Alors là, Voltaire devient complètement hystérique, traitant Rousseau de « bâtard du chien de Diogène », de « gueux qui veut dévaliser les hommes du bien du fruit de leurs efforts », etc. Maintenant Voltaire devient un « anti-Jean­Jacques », n’ayant de cesse de nuire à ce traître « qui a changé de camp »!
 
À tel point que Rousseau, alerté, enverra à Voltaire sa célèbre lettre « Monsieur je vous hais »… datée du 17 juin 1760.

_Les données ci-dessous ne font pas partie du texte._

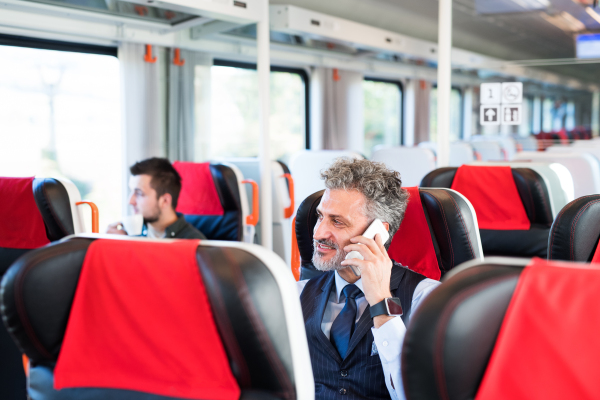 Handsome mature businessman travelling by train. A man with smartphone, making a phone call.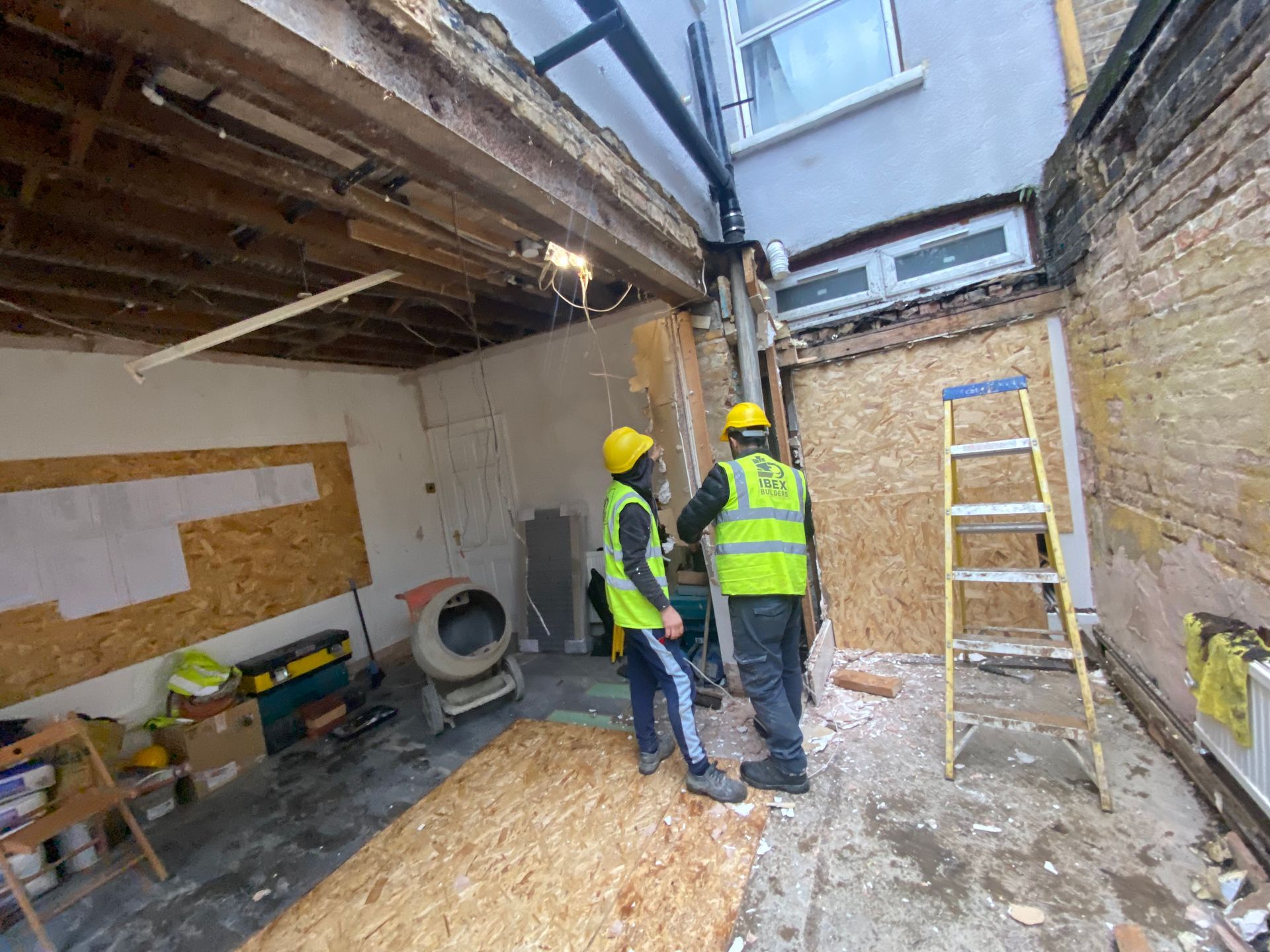 Ibex Builders team discussing structural plans inside a Walthamstow E17 kitchen extension.
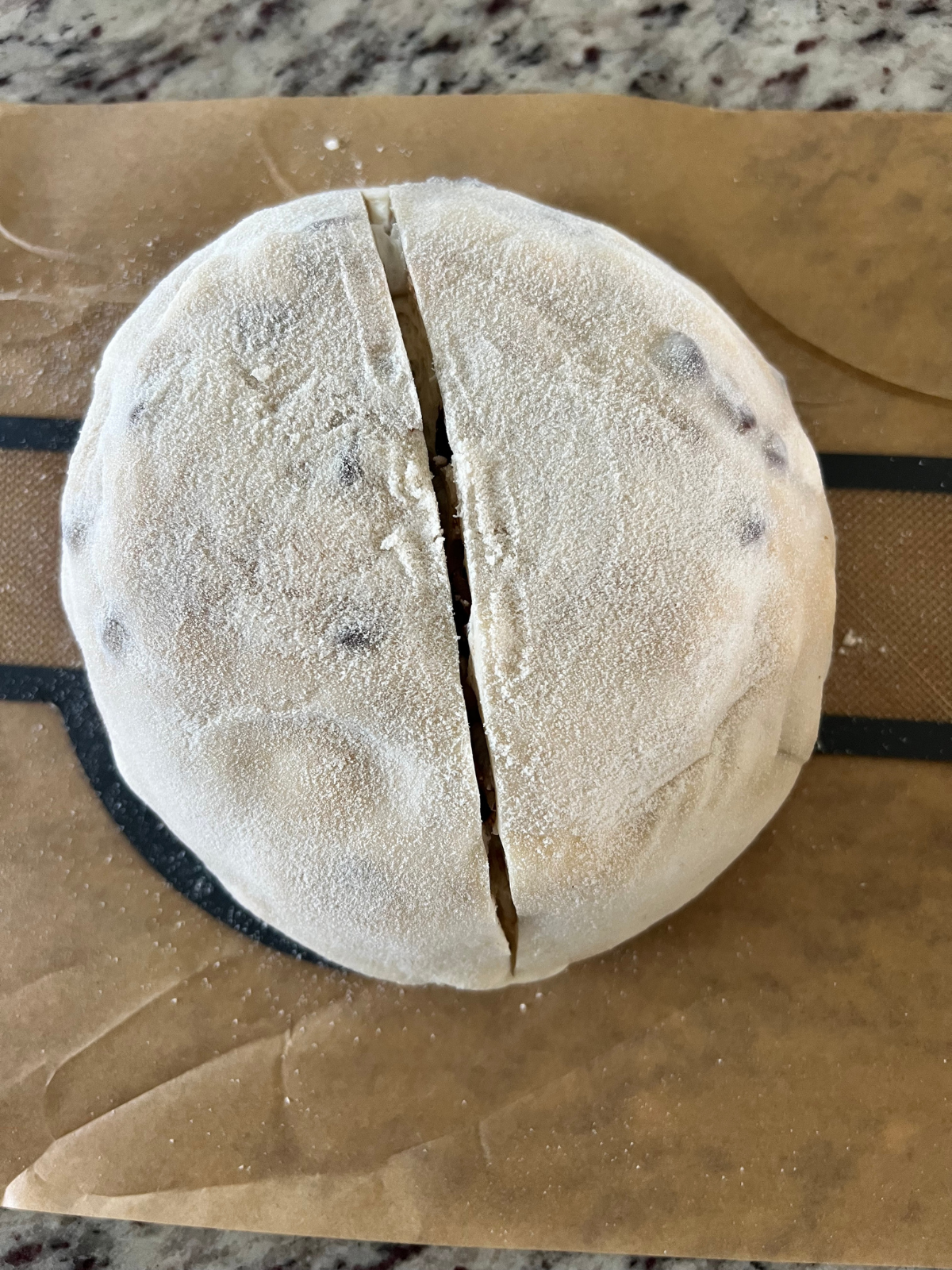 The sourdough loaf has been scored and is ready to bake. 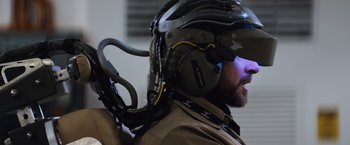 Movie still from “Chappie” (2015), directed by Neill Blomkamp – A person wearing a helmet; Close Up shot, Over the shoulder angle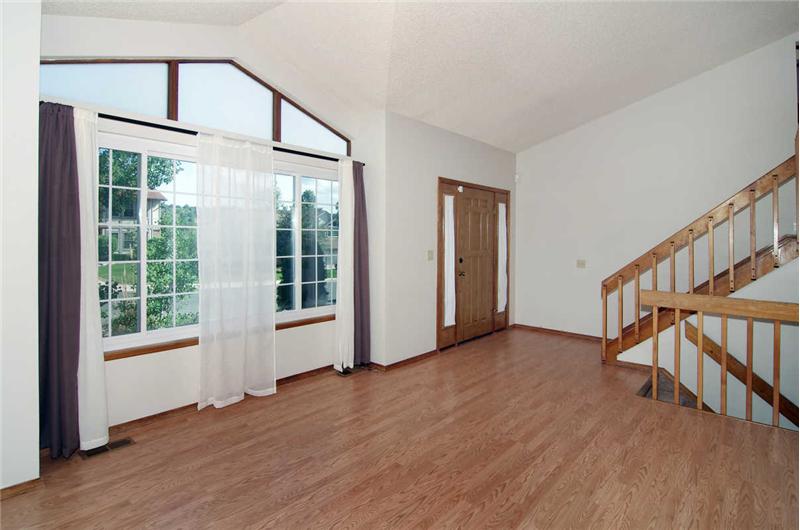 Nice sitting area with vaulted ceilings greets you as you enter the home
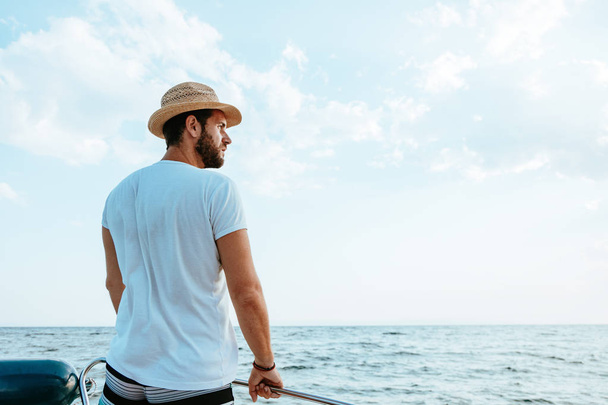 Молодий чоловік насолоджується видом на море з човна
 - Фото, зображення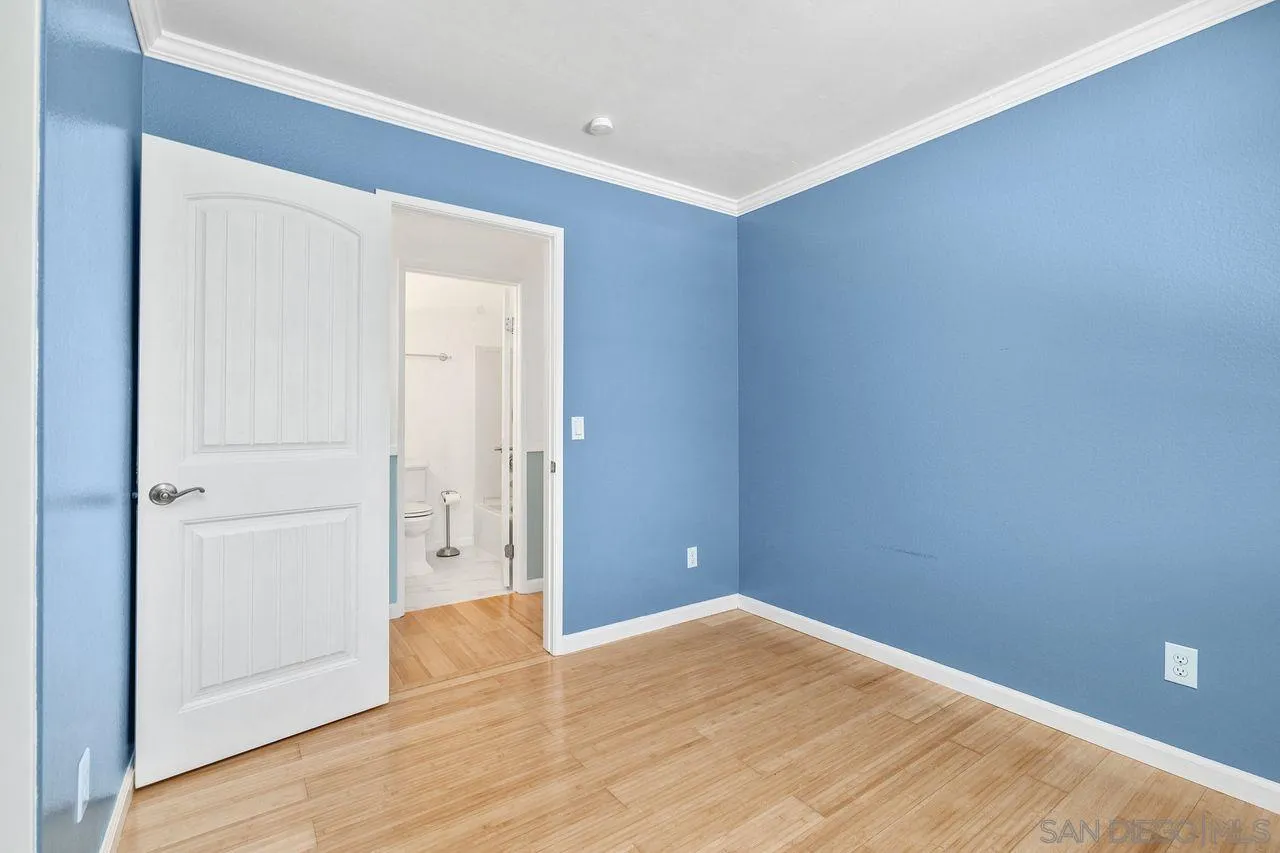 14215 Sutter Mill Way Poway, CA 92064 - Photo 19 of 38 a view of empty room with wooden floor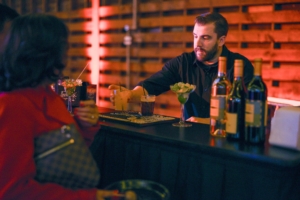 Bartender Serving Cocktails at Company Party Bartender Serving Cocktails at Company Party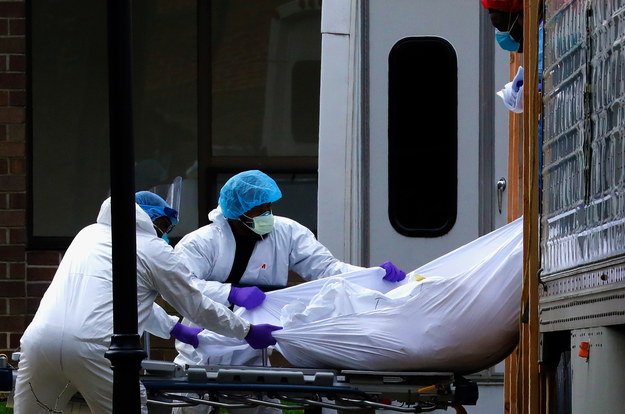 Pracownicy medyczni wyjmują ciało ofiary koronawirusa z ciężarówki-chłodni, Nowy Jork /Peter Foley /PAP/EPA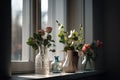 simple vase of flowers and indoor plants on the windowsill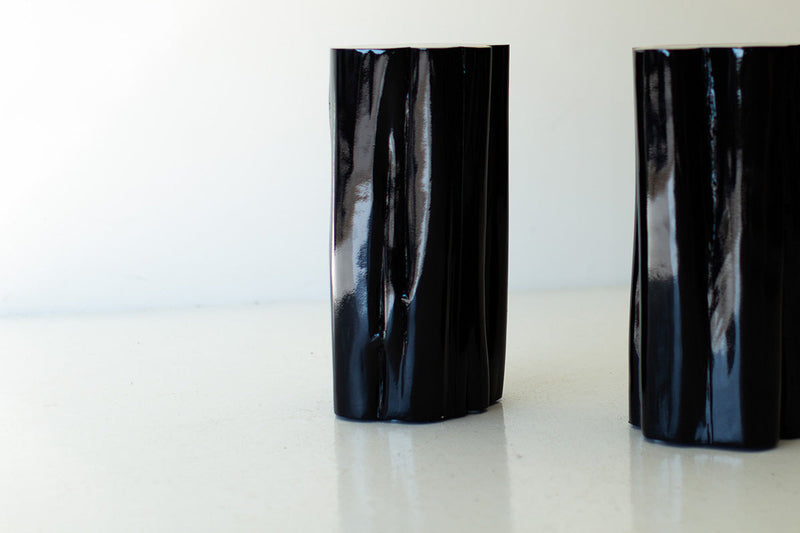 Two black outdoor stump tables with natural tops, close view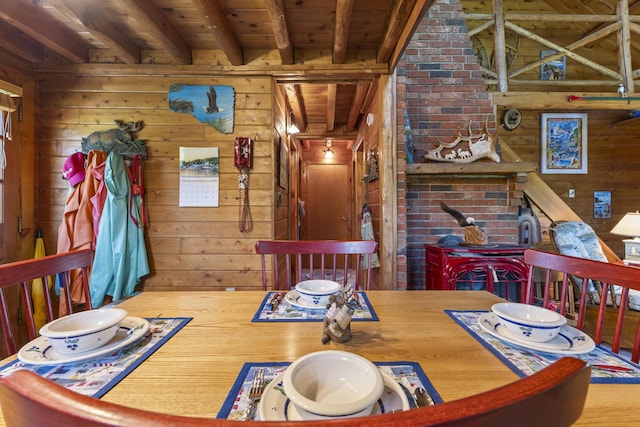 15 Tranquility Way, Ellsworth, ME 04605 - dining room featuring a wood ceiling with exposed beams, wooden walls, and a wood stove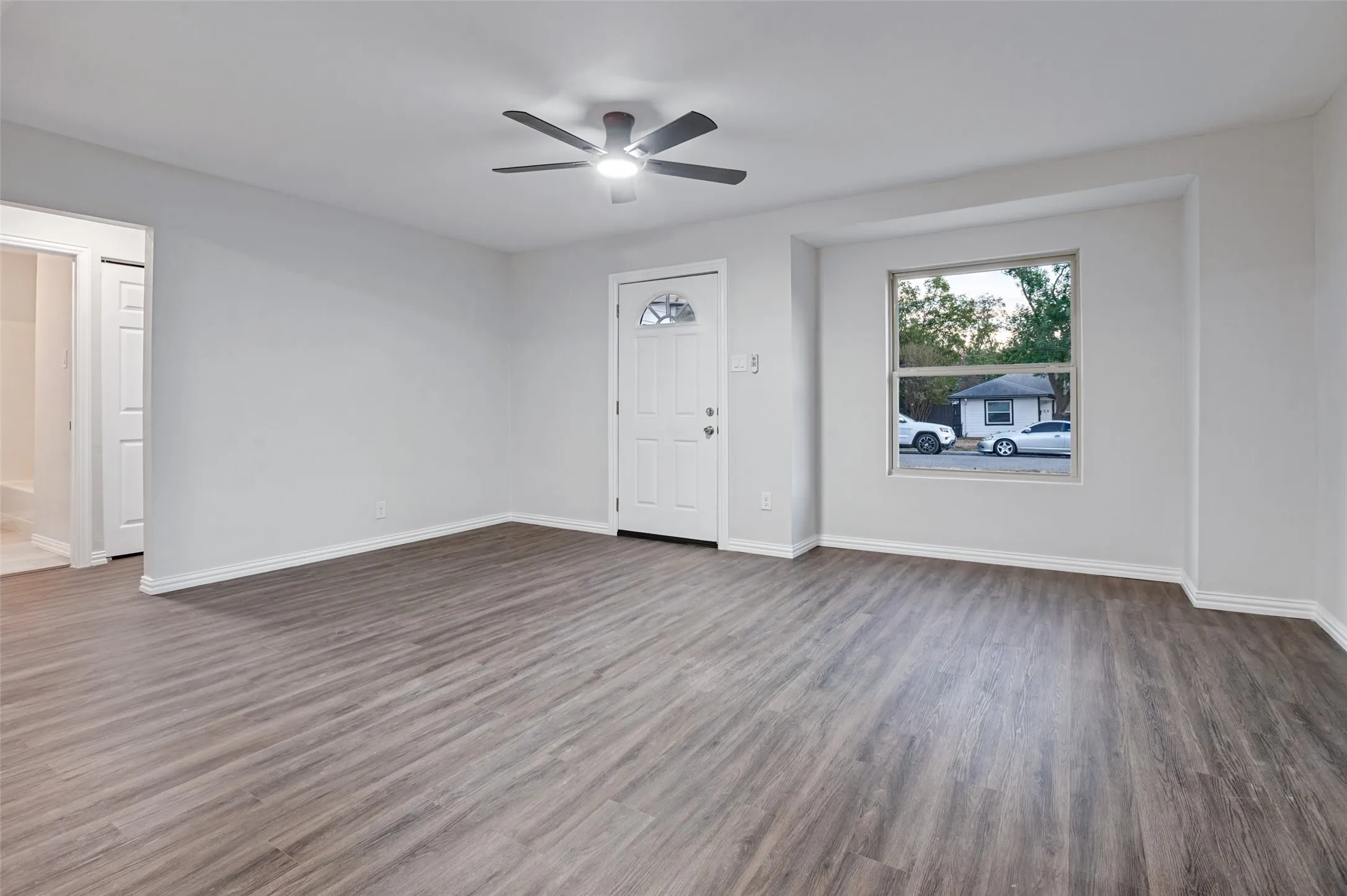 Spacious room with wood-finish flooring, a ceiling fan with integrated lighting, and neutral wall tones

Rousseau voyait en Voltaire son plus grand persécuteur et la main du « grand homme » derrière toutes les manœuvres contre lui. Se trompait-il? Voltaire était de plus en plus exaspéré par « ce polisson de Jean-Jacques » qui voulait faire révolution à Genève et soulever la populace contre ses gouvernants.
 
D’autant que Rousseau dans sa retraite continuait à écrire et notamment ses Lettres de la montagne (1764) dans lesquelles il dénonçait Voltaire comme le véritable auteur du Sermon des cinquante, un pamphlet anonyme et burlesque contre la religion. Le geste de Jean-Jacques n’est pas sans danger pour Voltaire car dans cette époque on ne badinait pas avec l’athéisme, surtout si l’on se réfère au sort du Chevalier de la Barre et de ce pauvre Calas! Or Voltaire était effectivement l’auteur du pamphlet. Il crie à la délation, fait publier une circulaire qu’il fera distribuer à tous ses amis dans laquelle il insulte Rousseau, le traitant de « fou méchant », « qui cache l’âme d’un scélérat sous le manteau de Diogène »… Et Voltaire, en colère, commet alors un nouveau pamphlet anonyme : Sentiment des citoyens! (décembre 1764).
 
Cette brochure en huit pages, qui apprend au monde que le moralisateur Jean-Jacques Rousseau a abandonné ses cinq enfants à l’assistance publique, Voltaire toute sa vie niera en avoir été l’auteur. Il y mit même tant de dénégation, tant d’art à brouiller les pistes que le doute, malgré l’évidence, subsistera jusqu’à sa mort. C’est alors que le propre secrétaire de Voltaire, Wagnière, en 1790, déclarera devant notaire : « Je sousignée, déclare que feu Monsieur de Voltaire, justement irrité des injures que lui avait dites M. Rousseau dans ses Lettres de la Montagne, et par d’autres outrages, s’en vengea par la petite brochure intitulé Sentiments des citoyens! Fait à Ferney-Voltaire, le 3 janvier de 1790 ». Depuis lors et sans discussion possible Sentiments des citoyens fait partie des œuvres complètes de Voltaire et figure dans toutes les éditions.